En efecto, si los sobrecostes no se reflejaran en las tarifas y, como consecuencia, la prestación del servicio no fuera rentable para los taxistas, éste no se estaría prestando. La hipótesis de la repercusión resulta verosímil también en atención a los abundantes argumentos teóricos y evidencias empíricas que sugieren que las autoridades encargadas de fijar dichas tarifas y el número máximo de taxis han sido en buena medida capturadas por los empresarios del sector, en perjuicio de los usuarios. Nótese que los taxistas forman un grupo provisto de mayor capacidad y más fuertes incentivos que sus antagonistas para presionar a dichas autoridades a fin de que éstas establezcan una regulación favorable a sus intereses. Repárese, asimismo, en que el número de licencias se ha mantenido constante en España durante las últimas décadas, a pesar de que nuestra población se ha incrementado considerablemente, mientras que las tarifas han ido aumentando en más de un punto porcentual anual por encima del índice general de precios al consumo (véase el citado Estudio de la CNMC, pp. 109 y ss.). Otro indicio de la captura es el hecho de que, en España, al igual que en otros muchos países, el precio que en el mercado secundario se paga por licencias de taxi, fruto de la capitalización de las rentas monopolísticas generadas por la limitación de acceso al mercado­, es relativamente alto. Este precio, como es obvio, termina trasladándose a las tarifas pagadas por los usuarios, que han de ser lo suficientemente elevadas como para que los adquirentes de las licencias puedan amortizarlo.

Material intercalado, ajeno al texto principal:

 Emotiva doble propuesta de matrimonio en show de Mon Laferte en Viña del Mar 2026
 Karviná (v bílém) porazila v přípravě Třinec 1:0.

Y cabe razonablemente pensar que los taxistas tampoco tienen los incentivos económicos suficientes para influir sobre las autoridades locales y autonómicas competentes a fin de que éstas eliminen las referidas barreras territoriales, mediante el establecimiento de áreas de prestación conjunta. De un lado, porque los beneficios que para estos transportistas se derivan de la creación de tales áreas no son muy elevados, habida cuenta de que los sobrecostes resultantes de la regulación actual acaban siendo trasladados a las tarifas pagadas por los pasajeros. De otro lado, las autoridades competentes no están seguramente dispuestas a imponer de manera coactiva dichas áreas, si los taxistas de alguno de los municipios afectados se oponen a ello, lo cual es probable que suceda. Téngase en cuenta que la fragmentación territorial del sector favorece especialmente a quienes prestan sus servicios allí donde la oferta de taxis es más escasa. Y bien puede ocurrir que los réditos que para ellos se desprenden de esta mayor escasez excedan de los sobrecostes que les supone la fragmentación, por lo que tenderán a resistirse a su eliminación.

En fin, lamentablemente, no da la impresión de que las cosas vayan a cambiar por causas endógenas. Ninguno de los actores que en este sector ha venido jugando un papel relevante parece estar por la labor. Seguramente hará falta que algún factor externo rompa el persistente e indeseable equilibrio en el que actualmente nos encontramos.